▽
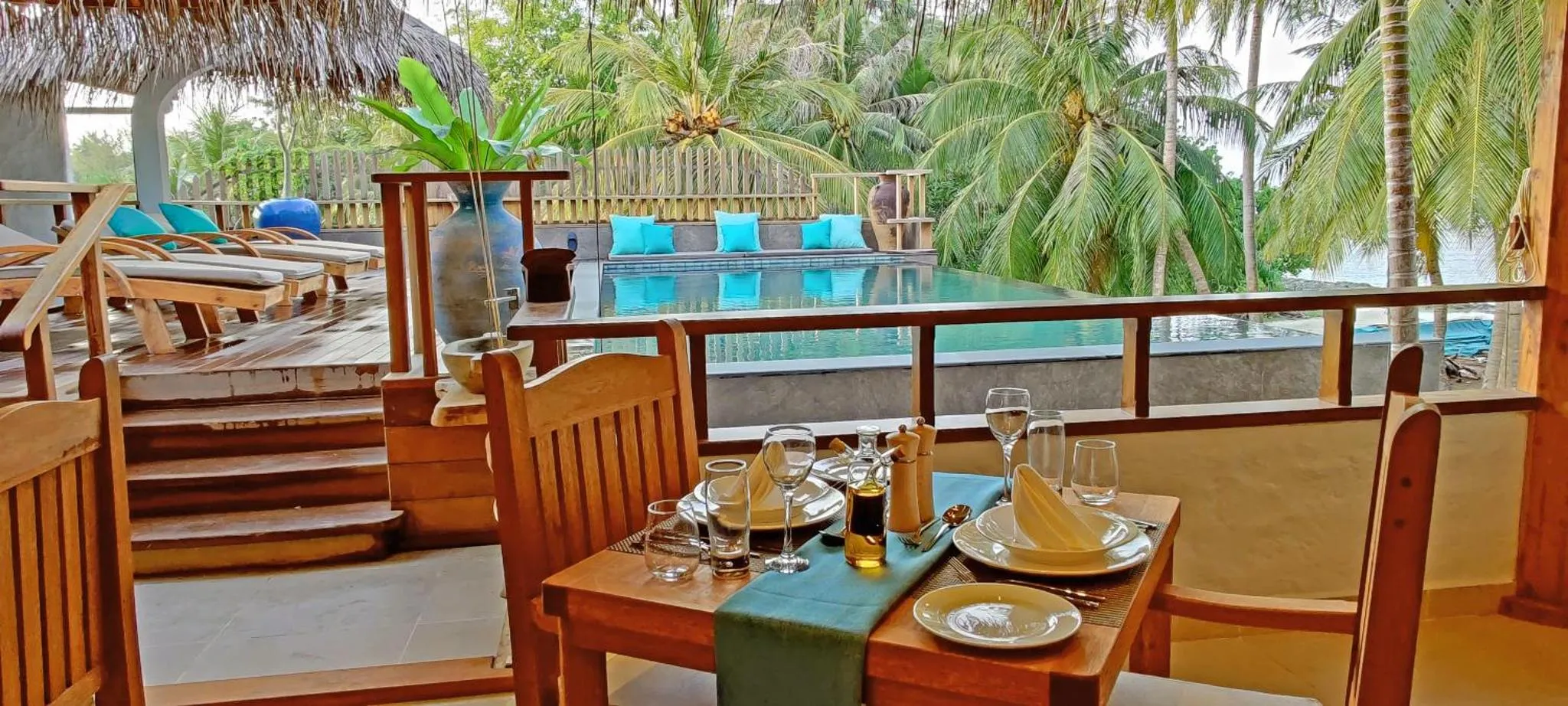 Une table est dressée avec de la vaisselle et des verres sur une terrasse en bois.
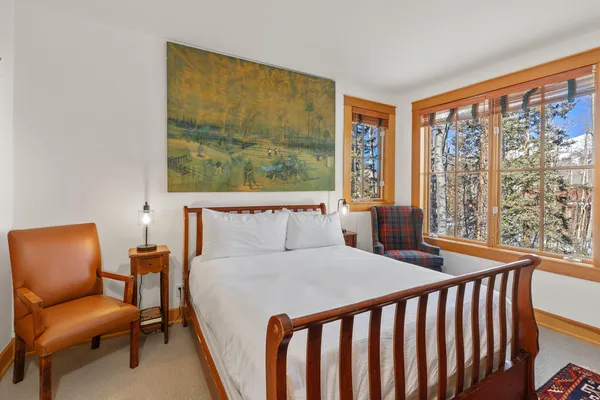 a bed sitting in a bedroom next to a window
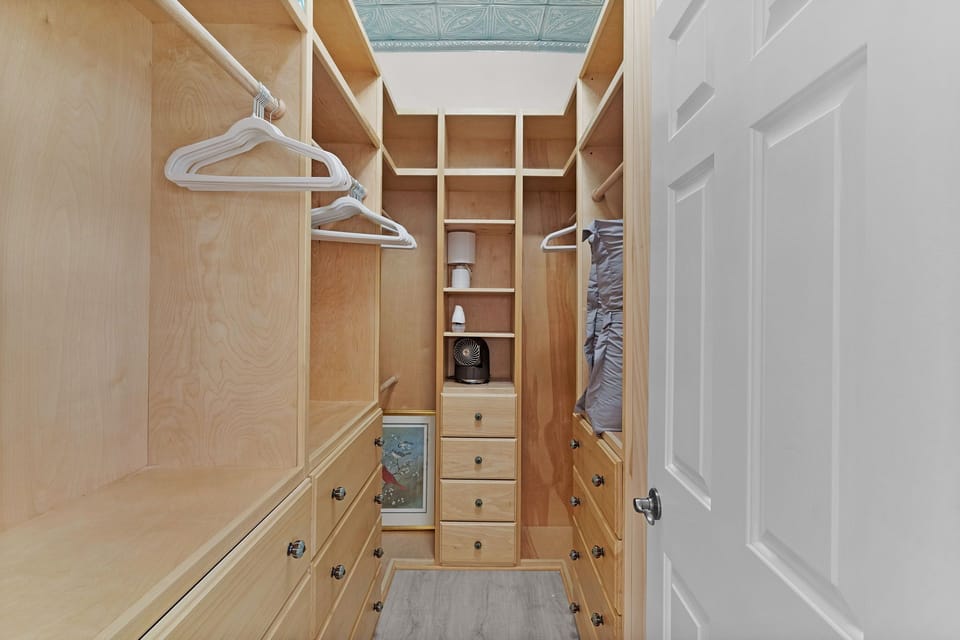 Your walk-in closet offers ample storage with custom shelving, hanging space, and built-in drawers, keeping your wardrobe organized and easily accessible throughout your stay.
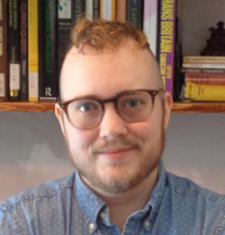 Adrian Kane wears glasses and a blue shirt with a bookcase in the background.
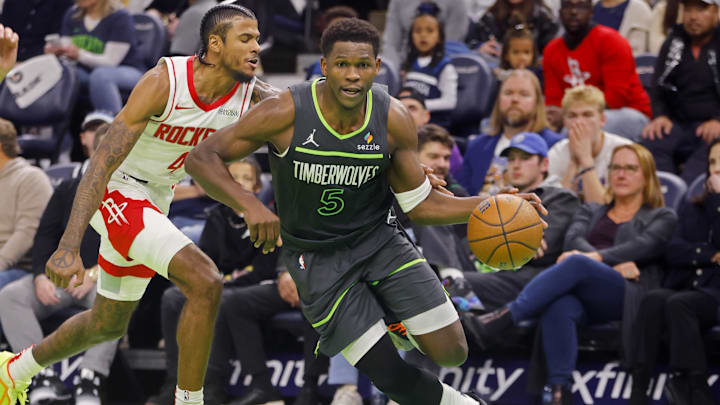 Nov 26, 2024; Minneapolis, Minnesota, USA; Minnesota Timberwolves guard Anthony Edwards (5) drives past Houston Rockets guard Jalen Green (4) in the third quarter at Target Center. Mandatory Credit: Bruce Kluckhohn-Imagn Images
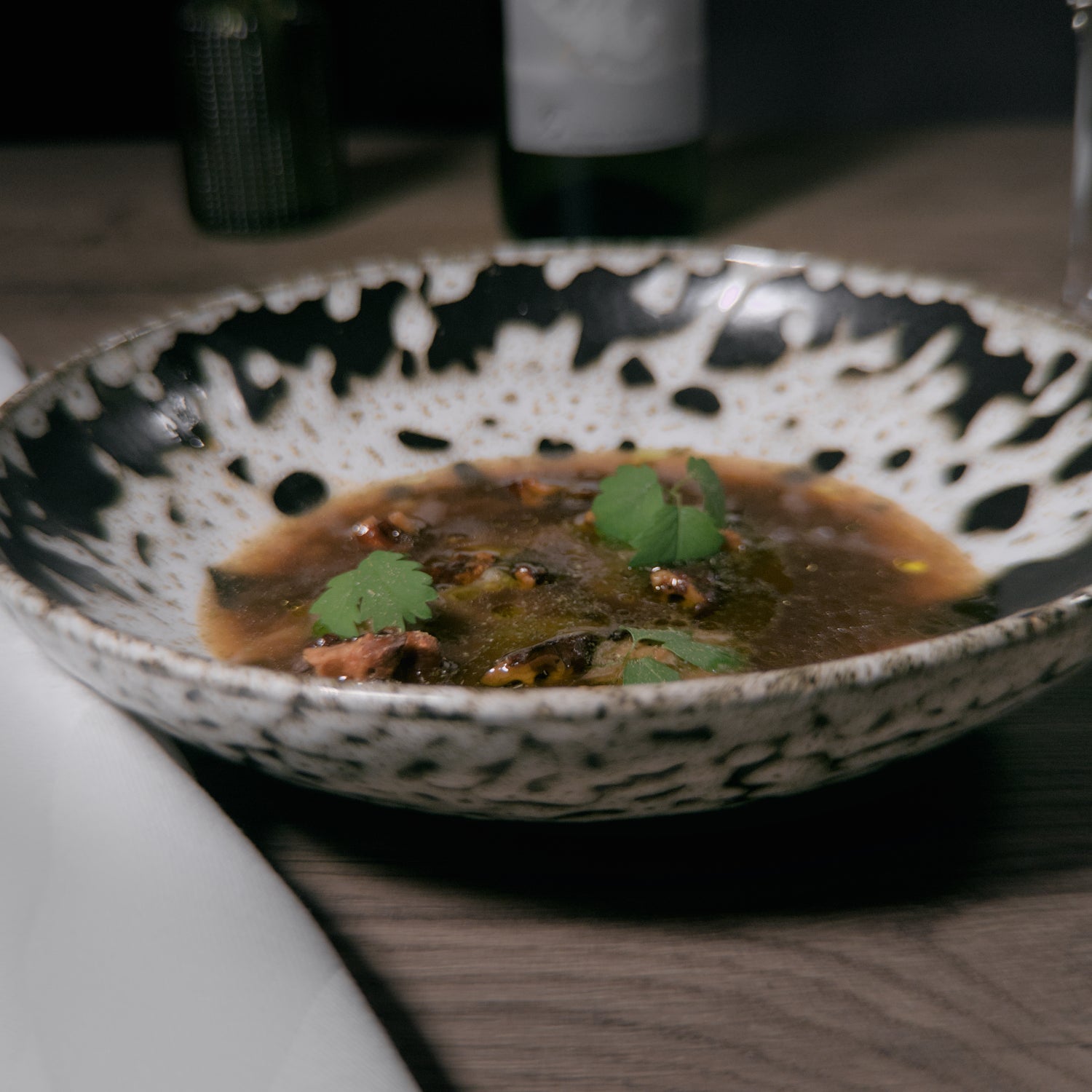 Plat gastronomique présenté dans une assiette en céramique blanche et noire, contenant une soupe ou un ragoût avec des morceaux de viande et des herbes fraîches. La table est dressée avec une serviette blanche et un verre à vin en arrière-plan. L'ambiance est élégante et raffinée.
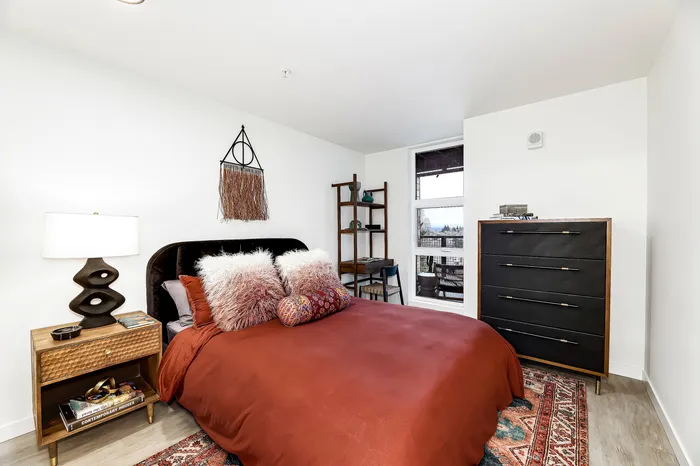 Chic bedroom featuring a luxurious bed with textured pillows, stylish decor, and plenty of natural light through a large window.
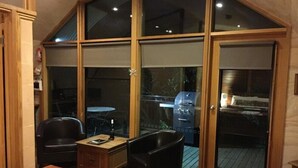 Een kamer met een grote schuifglazen deur die uitkomt op een terras. Binnen staat een houten salontafel, twee zwarte stoelen en een bijzettafeltje met een fles en een boek.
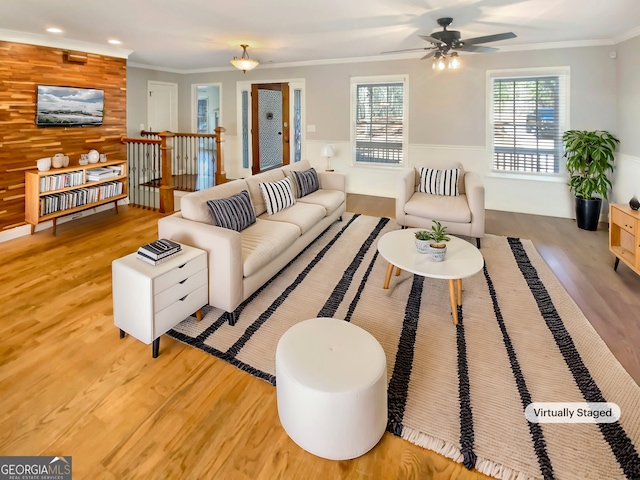 living room with wood walls, recessed lighting, crown molding, and wood finished floors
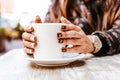 Woman hand holding a cup of coffee outdoors at coffee shop or cafe with blurred background Royalty Free Stock Photo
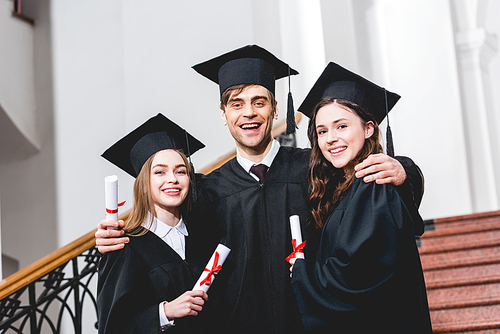 cheerful man in graduation cap hugging attractive girls while holding diploma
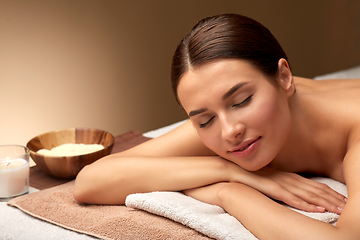 Image showing young woman lying at spa or massage parlor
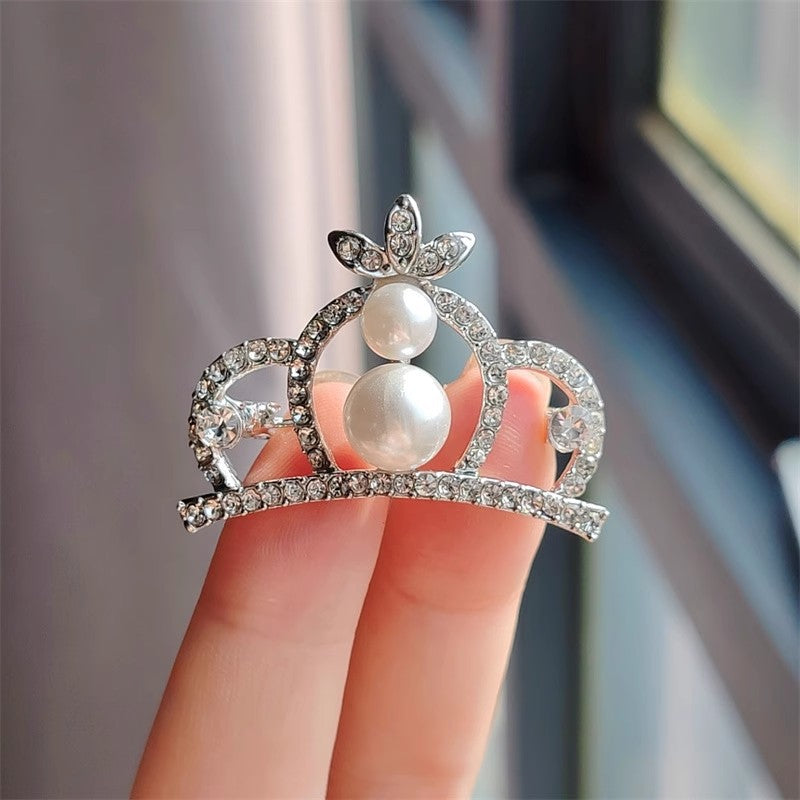 Detailed close-up of rhinestone crown pin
△
» **How to complete this task**
With the pictures left out, output exactly the lines that begin at the line containing "Woman hand holding" and end at the last line of the material.

» **Task output**
 Woman hand holding a cup of coffee outdoors at coffee shop or cafe with blurred background Royalty Free Stock Photo
 cheerful man in graduation cap hugging attractive girls while holding diploma
 Image showing young woman lying at spa or massage parlor
 Detailed close-up of rhinestone crown pin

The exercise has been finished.